Den spezifischen Erfahrungen von Anti-Schwarzem-Rassismus von jungen Schwarzen Menschen in der professionellen Arbeit in Schule überhaupt Raum zu geben, angemessene Interventions-/Präventionsarbeit zu leisten und Schutz sicherzustellen wird durch einen weiteren Aspekt des Anti-Schwarzen-Rassismus häufig besonders erschwert: Die Aneignung und Konsumption von Black Consciousness, Black Power, Black Culture oder einer Afrika-Romantik als kapitalbringende Pop-Kultur ermöglicht das Dethematisieren von Rassismus gegen Schwarze, afrikanische und afrodiasporische Menschen. Konsum wird dabei mit Wertschätzung und antirassistischer Haltung gleichgesetzt. In einem noch unveröffentlichten Text führe ich dazu aus, dass
„[e]in Aspekt der Rassifizierung von Schwarzen Menschen afrikanischer und afrodiasporischer Herkunft (…) ist die kapitalistische Verwertung der Resilienz und der Selbstermächtigung, der Erfahrungen, der Widerstandspraxis, der Widerstandssymbole und widerständigen Analyse ebenso wie die des Schwarzen Körpers mit Haut und Haar.

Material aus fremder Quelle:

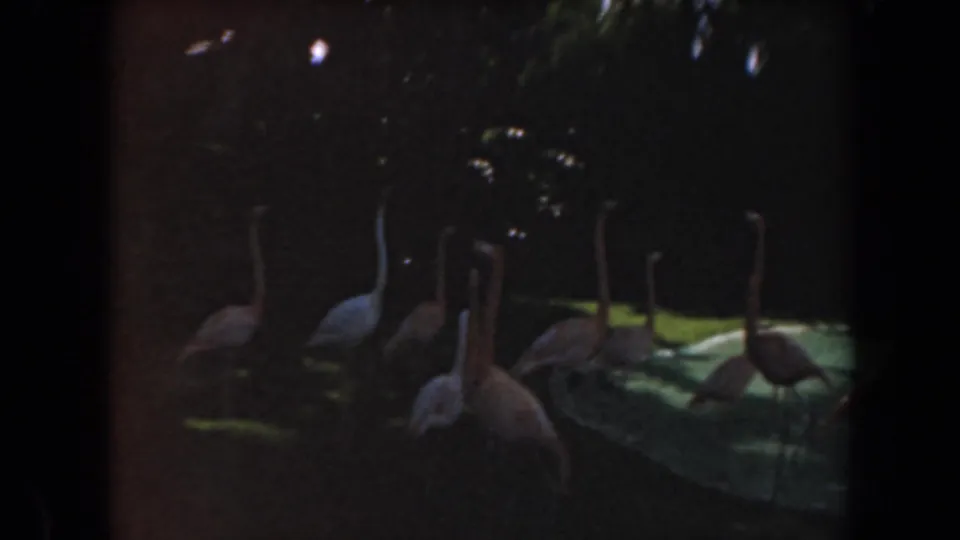 Flamingos and pale birds remain grouped around a small pool in a shaded California zoo enclosure, filmed on 8mm in 1961.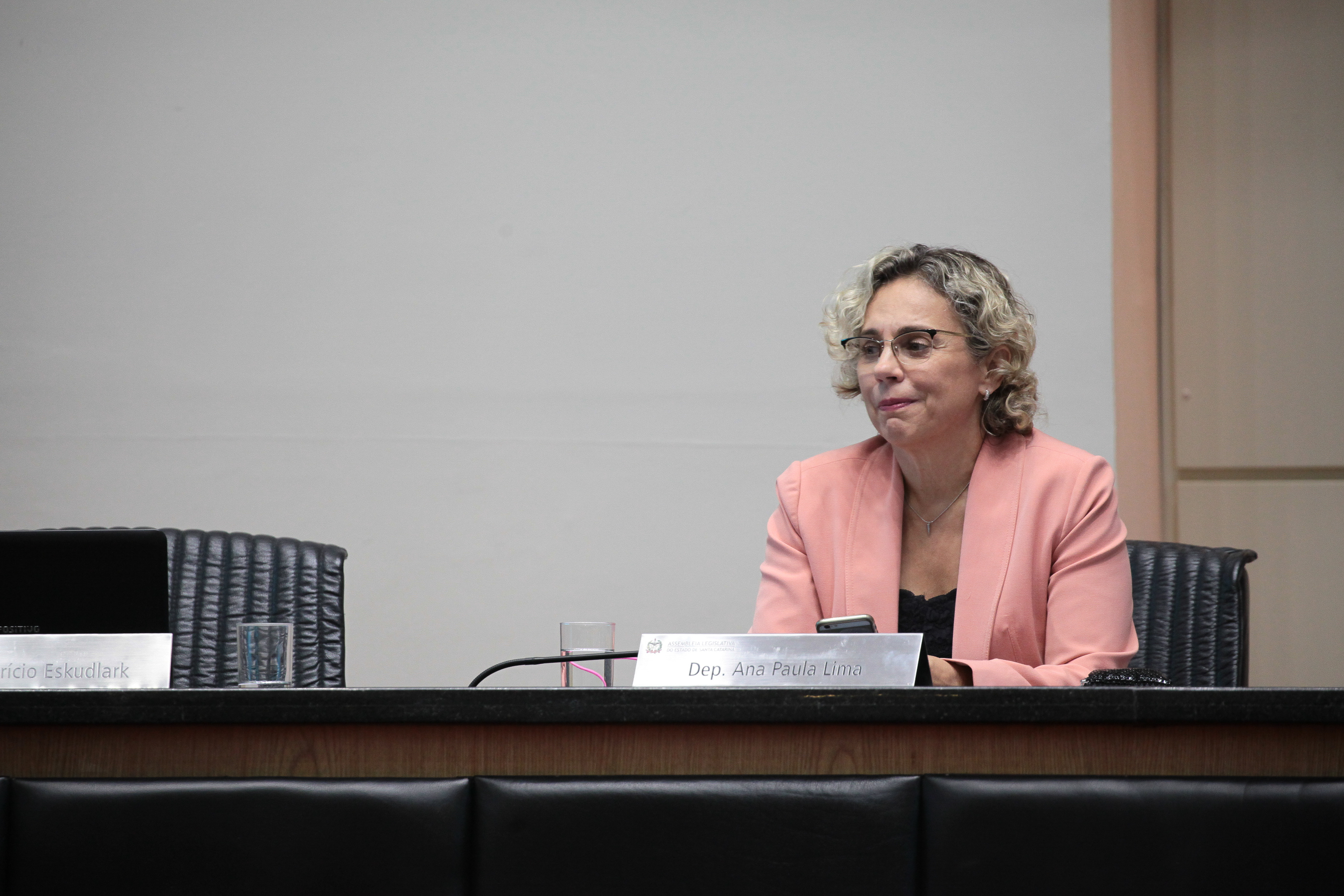Sessão Ordinária. Deputada Ana Paula Lima (PT)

Unter diesem Aspekt von Anti-Schwarzem-Rassismus wird nicht nur z.B. Blackfishing betrieben, sondern es ermöglicht performative und konsumierende, häufig nur auf (u.a. depolitisierte, ahistorisierende) Teilaspekte ausgerichtete Teilhabe an „Pop-Kultur“ und ist vor allem auf die Konsument:in (z.B. positive Eigenwahrnehmung) oder die Produzent:in (z.B. Gewinn, Ansehen der Marke) ausgerichtet und hat nicht mit einer größeren Anerkennung, Aufmerksamkeit oder Arbeit für überprüfbare globale und lokale strukturelle und institutionelle Veränderungen zu tun.“
Auch im Angesicht des Dilemmas, dass viele Aspekte der fortwährenden Widerstandsarbeit und der Selbstermächtigung der oben beschriebenen Verwertung zum Opfer fallen wird, setzen Schwarze Eltern den Marginalisierungen, die ihre Kinder, Familie und Communities erfahren, die Zentrierung, die Heterogenität sowie den positiven Selbstbezug unablässig entgegen. Institutioneller Rassismus wird im Macpherson-Report als kollektives Versagen einer Organisation bezeichnet, Menschen aufgrund von Diskriminierungen und Rassismus einen angemessenen und professionellen Service bereitzustellen, definiert. Schwarze Communities wissen dies schon lange: Der strukturellen Machtasymmetrie werden die gegenseitige Bildung, das Erstellen von Analysen und Expertisen, Heilung, Zusammenschluss, Verweigerung sowie Widerstand und Allianzen entgegengesetzt.
- Siehe zum Beispiel den rassismuskritischen Leitfaden zur Reflexion bestehender und Erstellung neuer didaktischer Lehr- und Lernmaterialien für die schulische und außerschulische Bildungsarbeit zu Schwarzsein, Afrika und afrikanischer Diaspora.